■ Directions: Below are the entries. Print only the lines starting at the one with "Audio Stereo DSP" and ending at the one with "Rochie de banchet", exactly, with no pictures.
──────── Entries provided ────────
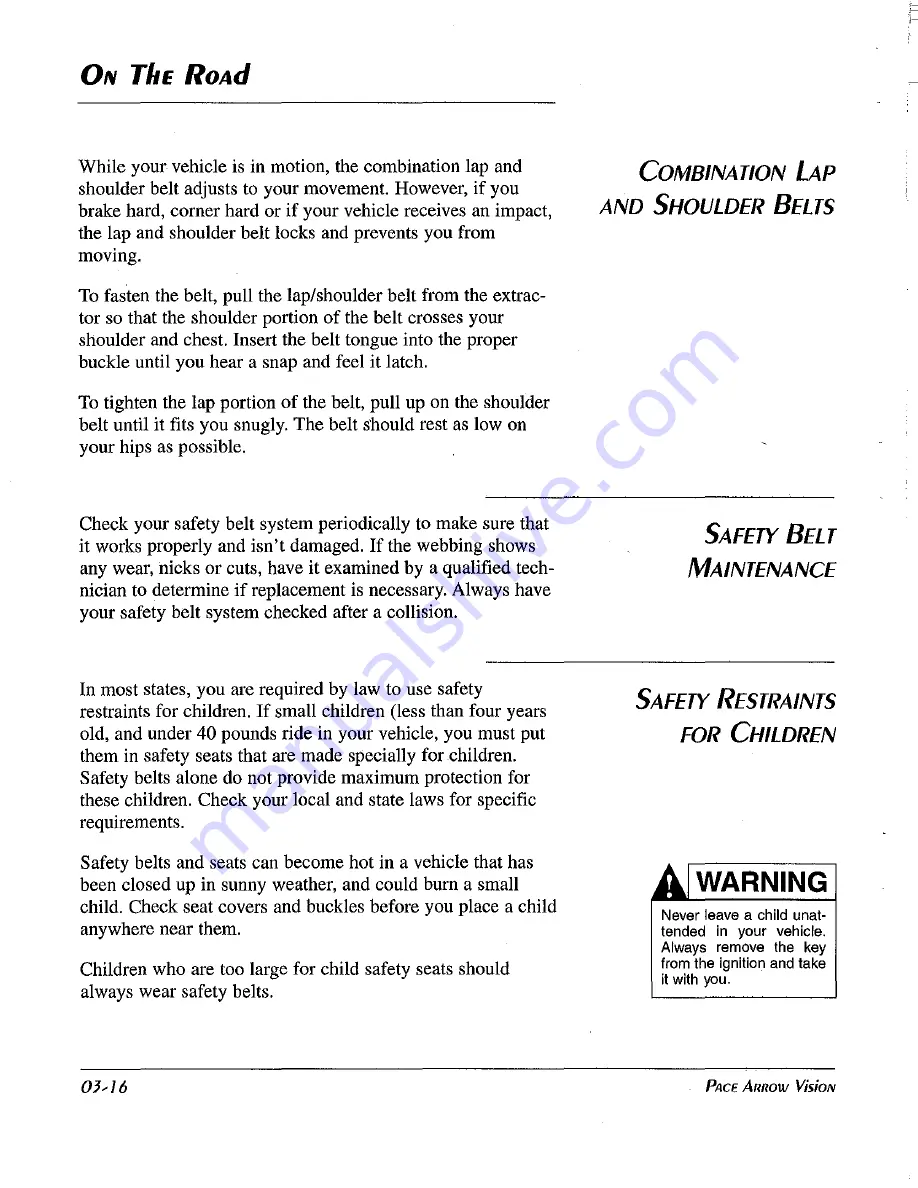 Fleetwood 1999 PaceArrow Vision Manual Download Page 42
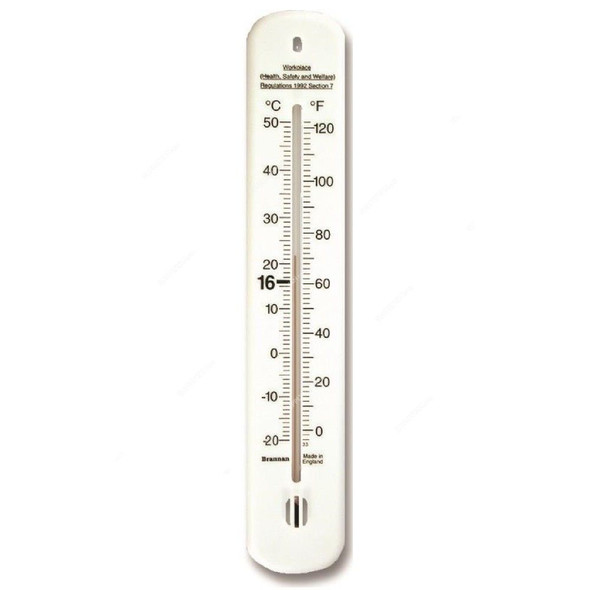 Brannan Workplace Wall Thermometer, 14-410-3, Plastic, 215mm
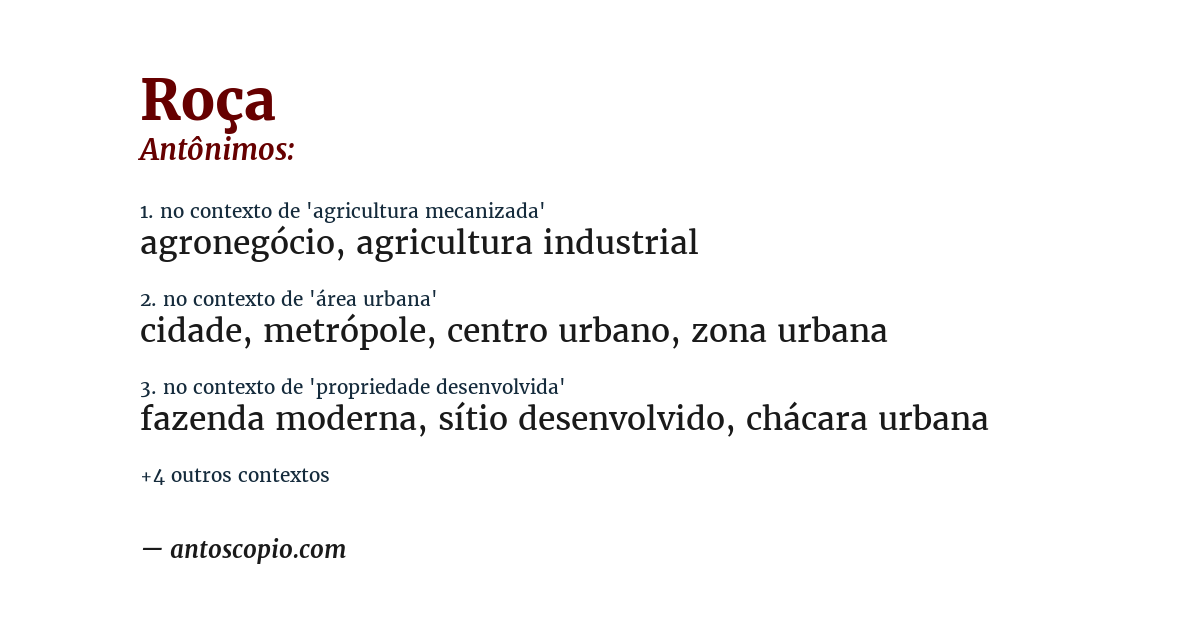 Antônimo de roça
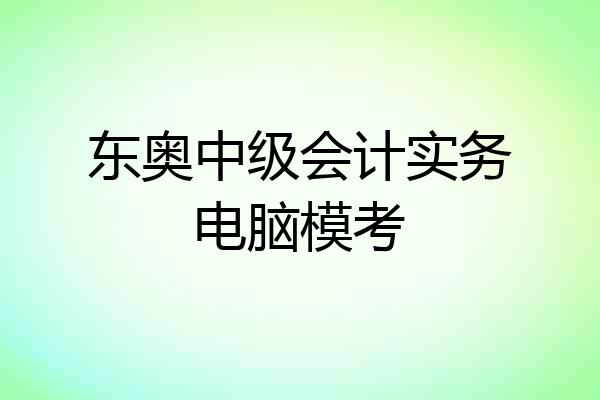 东奥中级会计实务电脑模考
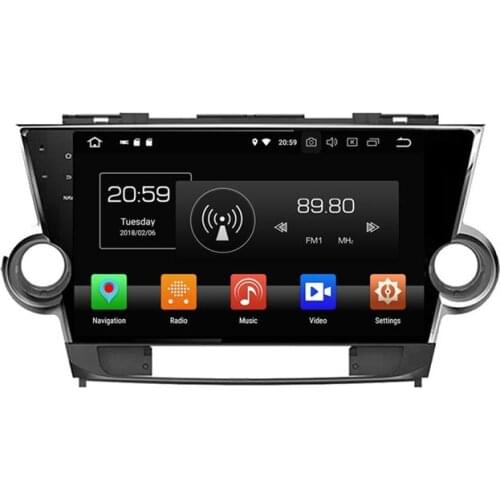 10.1" 8 Core Android 9.0 Car Radio For Toyota Highlander 2011-2014 Car Multimedia Player 2+16GB 4+32GB 4+64GB Audio Stereo DSP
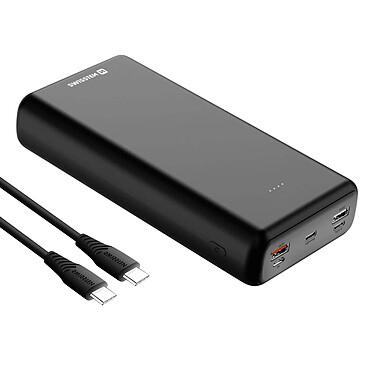 Swissten Batterie Externe 30000mAh 2x USB Quick Charge 2.0 + USB-C Power Delivery Câble USB-C 1m  Noir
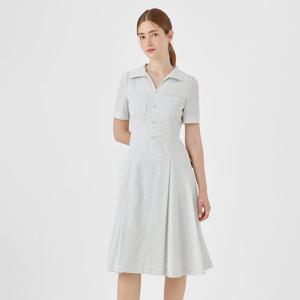 [라인어디션]오픈카라 스트라이프 원피스 (NGOPOG99)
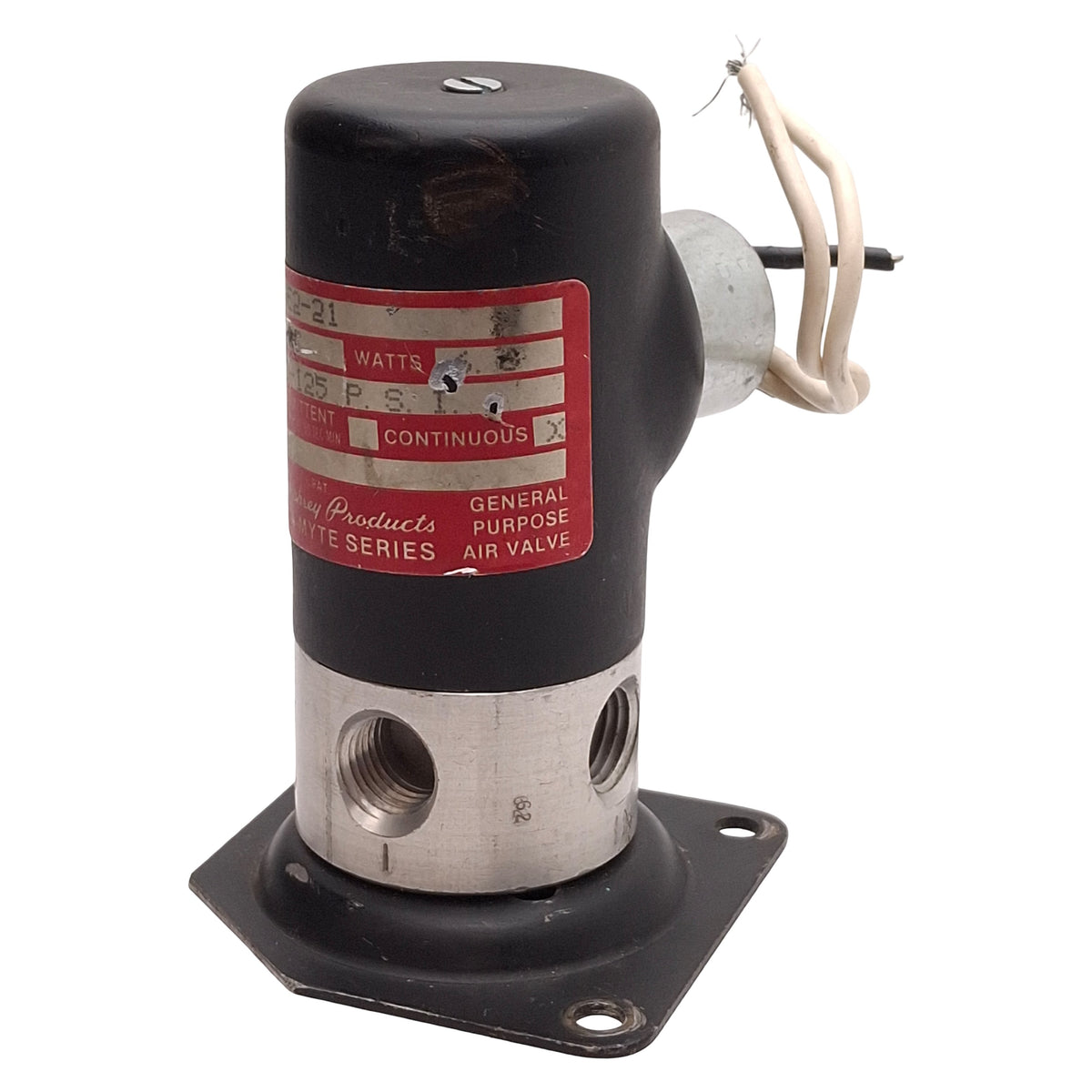 Used Humphrey 062-4E2-21 Tyna-Myte Solenoid Valve, 4-Way, 30-125psi, 24VDC Coils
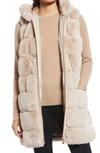 Via Spiga Grooved Faux Fur Hooded Vest In Beige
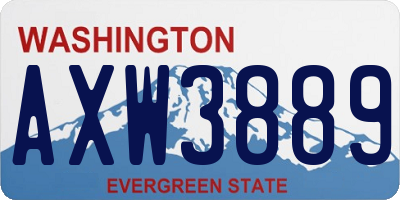 WA license plate AXW3889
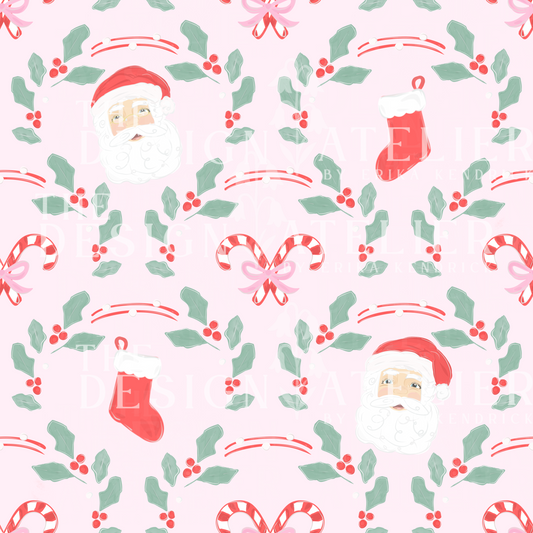 Season of Joy light pink Seamless Design with Textile Rights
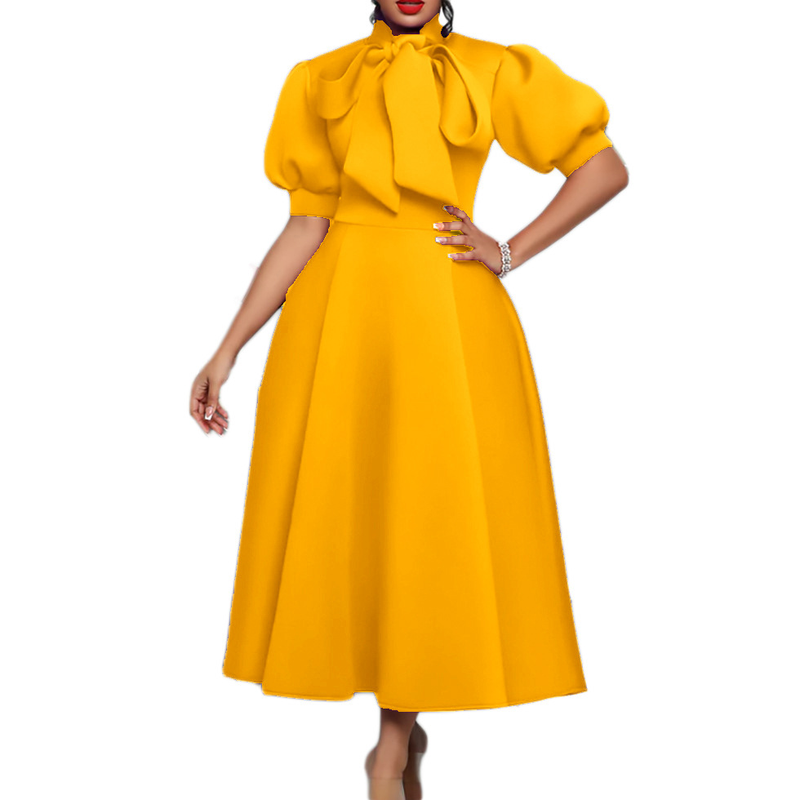 Rochie de banchet pentru femei de marime mare de vara nou bowknot doamnelor de culoare solida fusta cu maneca scurta _voghion.com
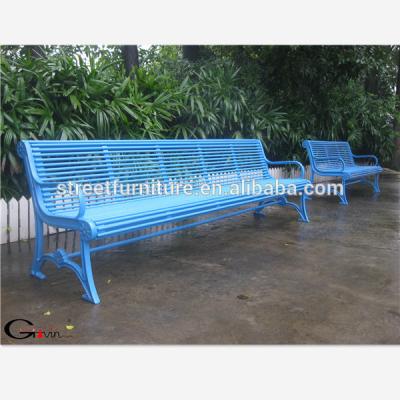 China Sky Blue Modern Powder Coated Metal 2700mm Long Backed Outdoor Garden Bench Chair With Cast Iron Bench Legs for sale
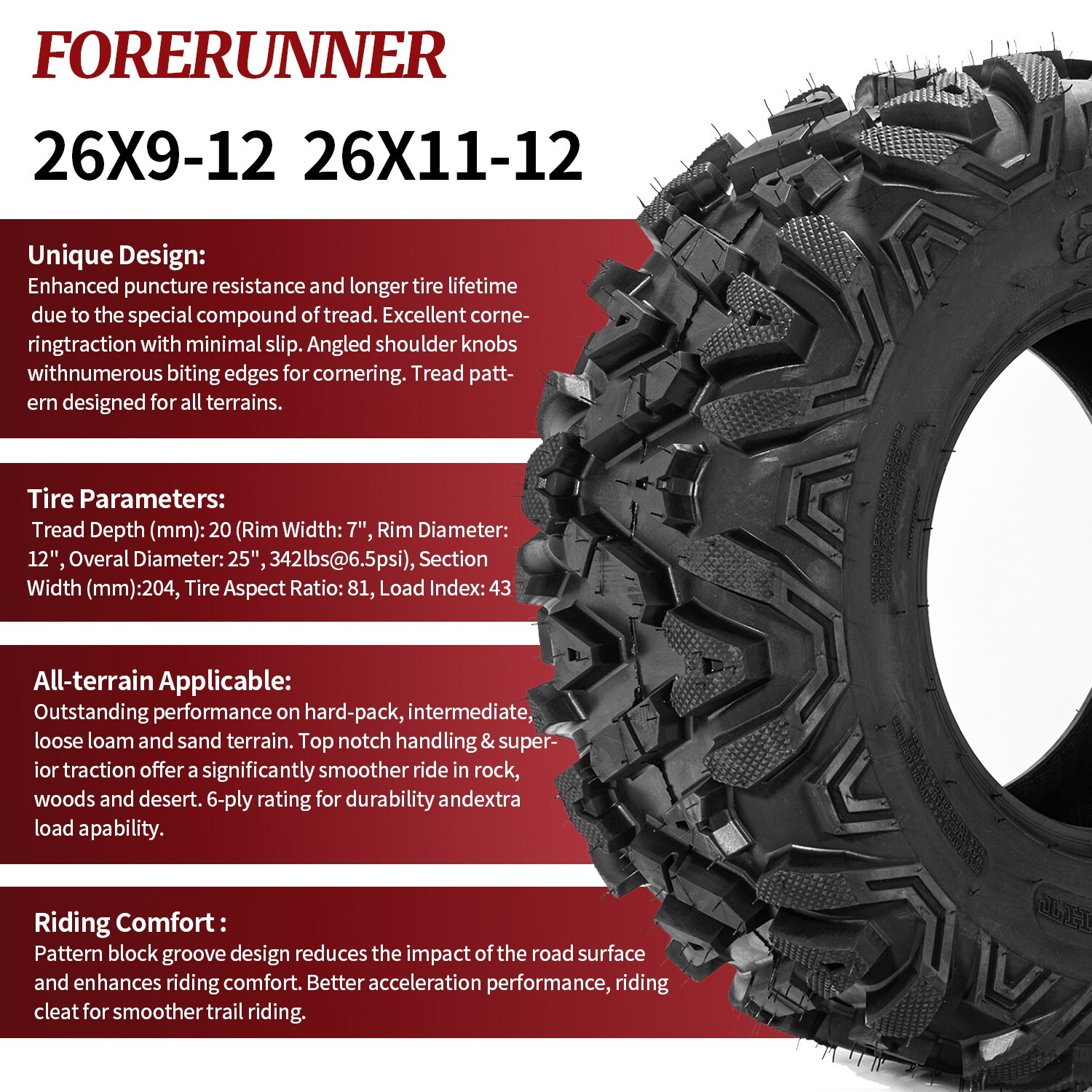 26x9x12 26x11x12 Set of 4 ATV UTV Mud Tires 26x11-12 26x9-12 Front Rear Full Set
────────
■ Result of this exercise:
 10.1" 8 Core Android 9.0 Car Radio For Toyota Highlander 2011-2014 Car Multimedia Player 2+16GB 4+32GB 4+64GB Audio Stereo DSP
 Swissten Batterie Externe 30000mAh 2x USB Quick Charge 2.0 + USB-C Power Delivery Câble USB-C 1m  Noir
 [라인어디션]오픈카라 스트라이프 원피스 (NGOPOG99)
 Used Humphrey 062-4E2-21 Tyna-Myte Solenoid Valve, 4-Way, 30-125psi, 24VDC Coils
 Via Spiga Grooved Faux Fur Hooded Vest In Beige
 WA license plate AXW3889
 Season of Joy light pink Seamless Design with Textile Rights
 Rochie de banchet pentru femei de marime mare de vara nou bowknot doamnelor de culoare solida fusta cu maneca scurta _voghion.com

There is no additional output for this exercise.